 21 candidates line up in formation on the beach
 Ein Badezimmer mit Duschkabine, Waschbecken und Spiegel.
--------------------
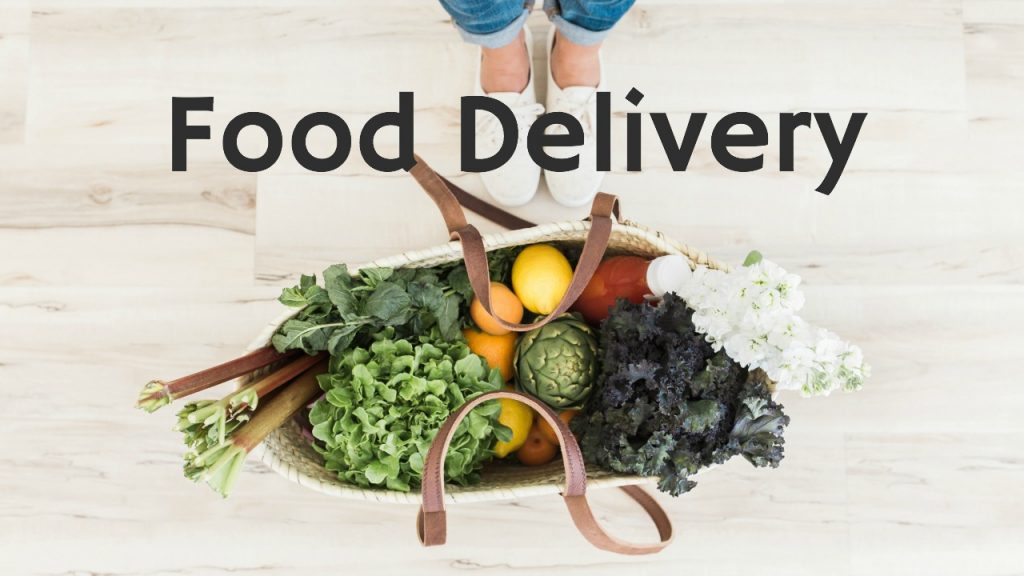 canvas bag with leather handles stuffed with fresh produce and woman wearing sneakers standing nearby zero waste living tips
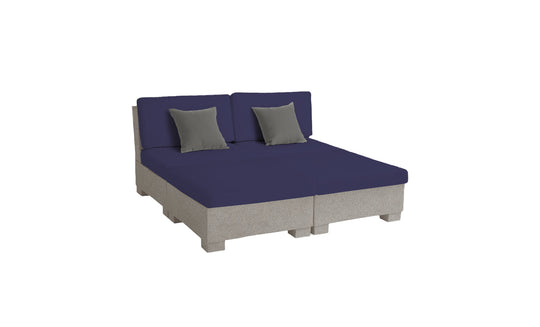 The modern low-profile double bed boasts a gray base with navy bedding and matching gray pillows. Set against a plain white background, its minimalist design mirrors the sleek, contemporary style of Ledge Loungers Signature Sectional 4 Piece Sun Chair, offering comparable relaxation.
--------------------
* WHAT YOU HAVE TO DO: Look above for the line containing "21 candidates line" and the line containing "Ein Badezimmer mit". Transcribe both, with the lines between them, exactly.

* ANSWER BOX:
 21 candidates line up in formation on the beach
 Ein Badezimmer mit Duschkabine, Waschbecken und Spiegel.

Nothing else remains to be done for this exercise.